Elini açar, Bütün canlıları doyurursun dilediklerince.
An'dan içeri girelim dostlar. Kalbimizin mistik yönüne iyi bakalım, günün sonunda akıl gidiyor, cinsel enerji gidiyor/bitiyor; kırmızı ve iç güdü zaten otomatik olarak işlerini yapıyor ve bizimle kalanlar duygusal merkez; tabiki onun yüksek karşılığı. İçerideki, kuş dilini bilen Süleyman'ı bilenlerden dersler alıyoruz değil mi? Onların çekimlerini hissediyoruz? Aklın görevini hissettiren ve işte o erime halleri. Burada her şeyi konuşamasak da, gerisi derslerde, gezilerde, yaşamda. Anların içinde, doğal olarak ilerleyen paylaşımların içinde. Kendisini seviyoruz:) Büyük kalp, bizi çektiğin gibi biz de seni çekiyoruz.

*Spirit of Peace'i anlamak için büyük niyaz
Niyazın ilk aşaması, "Işığın Güçleri insanlığa aydınlanma getirsin" ifadesiyle monadik seviyelerde bulunan potansiyelleri harekete geçirir. Bu çağrının içeriğinde Dünyanın Efendisi ve Tanrı'nın Tahtı Önündeki Yedi Spirit gibi kozmik varlıklar da yer alır. İkinci aşamada ise Barış Spiriti ve Mesih çağrılır. Dünya çapında özveri gösteren kişiler bu çağrıyı kullandığında, İnsanlık, Hiyerarşi ve Şambala olmak üzere üç temel merkez birbirine bağlanır. Bu süreç, insanoğlu ile ruhsal hiyerarşi arasında daha yakın ve güçlü bir ilişki kurulmasını sağlar.
Wesak Festivali bu bağlamda özel bir öneme sahiptir. Bu kutsal dönemde Manu, Mesih ve Mahachohan, Buda’yı çağırarak insanlık için ilahi iradenin tezahürünü kolaylaştırmasını isterler. Buda’nın rolü, üç gezegensel merkez (İnsanlık, Hiyerarşi, Şamballa) arasında doğru insan ilişkileri, uyumlu işbirliği ve sevgi dolu anlayış geliştirmektir. Buda, aydınlanmaya ulaşarak Işığın Güçleri ile ilk büyük bağı kurmuş olan yüce bir önderdir. Benzer şekilde, Mesih de Tanrı’nın iradesini Sevgide ifade etme ve dünyayı kurtarma yeteneği sayesinde Barış Spiriti (gezegen-ötesi, güneş sistemine ait bir Varlık) ile ilk kez büyük bir bağ kurmuştur.

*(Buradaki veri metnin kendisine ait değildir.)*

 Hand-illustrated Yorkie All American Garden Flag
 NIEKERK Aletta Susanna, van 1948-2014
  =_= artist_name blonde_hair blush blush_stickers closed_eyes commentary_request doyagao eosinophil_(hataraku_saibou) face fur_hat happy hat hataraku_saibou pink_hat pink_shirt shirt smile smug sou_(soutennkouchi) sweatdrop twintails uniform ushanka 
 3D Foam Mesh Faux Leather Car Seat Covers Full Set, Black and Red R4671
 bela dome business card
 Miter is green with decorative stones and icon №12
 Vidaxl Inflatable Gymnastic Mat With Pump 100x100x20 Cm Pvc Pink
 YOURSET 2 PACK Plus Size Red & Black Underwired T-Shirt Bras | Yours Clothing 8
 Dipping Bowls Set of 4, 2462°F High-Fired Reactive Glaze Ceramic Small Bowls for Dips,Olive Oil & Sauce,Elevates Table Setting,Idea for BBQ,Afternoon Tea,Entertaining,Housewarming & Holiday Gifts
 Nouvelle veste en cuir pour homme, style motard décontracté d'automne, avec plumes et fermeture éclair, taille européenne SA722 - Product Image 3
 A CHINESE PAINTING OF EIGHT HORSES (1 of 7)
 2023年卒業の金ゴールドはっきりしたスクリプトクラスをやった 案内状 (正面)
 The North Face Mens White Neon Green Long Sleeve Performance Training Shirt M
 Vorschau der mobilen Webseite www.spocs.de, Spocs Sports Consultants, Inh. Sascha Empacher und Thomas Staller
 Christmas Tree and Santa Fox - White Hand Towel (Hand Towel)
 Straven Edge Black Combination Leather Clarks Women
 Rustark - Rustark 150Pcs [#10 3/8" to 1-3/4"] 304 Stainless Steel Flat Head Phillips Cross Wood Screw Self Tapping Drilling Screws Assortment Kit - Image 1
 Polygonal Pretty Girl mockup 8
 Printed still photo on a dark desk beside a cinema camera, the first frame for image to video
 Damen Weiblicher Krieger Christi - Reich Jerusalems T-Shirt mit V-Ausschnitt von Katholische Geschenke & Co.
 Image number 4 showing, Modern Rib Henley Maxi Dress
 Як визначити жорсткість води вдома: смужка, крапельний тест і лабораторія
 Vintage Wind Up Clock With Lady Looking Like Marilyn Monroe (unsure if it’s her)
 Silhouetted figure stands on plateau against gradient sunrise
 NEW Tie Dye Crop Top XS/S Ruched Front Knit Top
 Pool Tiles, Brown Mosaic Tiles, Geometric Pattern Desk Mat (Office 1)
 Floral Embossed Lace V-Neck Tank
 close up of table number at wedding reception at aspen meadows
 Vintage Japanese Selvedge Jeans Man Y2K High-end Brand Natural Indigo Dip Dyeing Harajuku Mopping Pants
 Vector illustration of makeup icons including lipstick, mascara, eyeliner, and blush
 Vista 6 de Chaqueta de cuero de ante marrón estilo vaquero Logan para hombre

Mesih ve Buda aracılığıyla artık insanlık, Şambala ile daha yakın bir ilişki kurabilir. Bu ilişki, insanlığın evrimsel yolculuğunda önemli bir dönüm noktasıdır. İnsanlık, kaderindeki görevi üstlenerek gezegensel bilincin üstün halleri (süper-insan durumları. YOV HI-MAN) ile alt-insan krallıkları arasında akıllı ve sevgi dolu bir aracı haline gelebilir. Böylece insanlık, gezegenin kurtarıcısı olarak evrensel bir misyonu yerine getirebilir.
Yaşayan Mesih, insanlığı kurtaran olandır. Ancak bu kurtuluş yalnızca bireysel fedakarlıkla mümkün olacaktır. Günlük yaşamda kişisel çıkarları bütünün iyiliği için feda etmek, insanların dünyasını kurtarabilecek en güçlü araçtır. İnsanlığın bu yolda ilerlemesi, hem toplumsal hem de ruhsal dönüşümün anahtarıdır.
Büyük niyaz, her bireyin kendini aşması ve gezegenin geleceği için sorumluluk alması gerektiği gerçeğini vurgular. İnsanlık, bu çağrıyı kabul ederek hem kendi gelişimini tamamlayabilir hem de dünya üzerinde barış, uyum ve aydınlanmanın hakim olduğu yeni bir çağ başlatılmasına katkıda bulunabilir.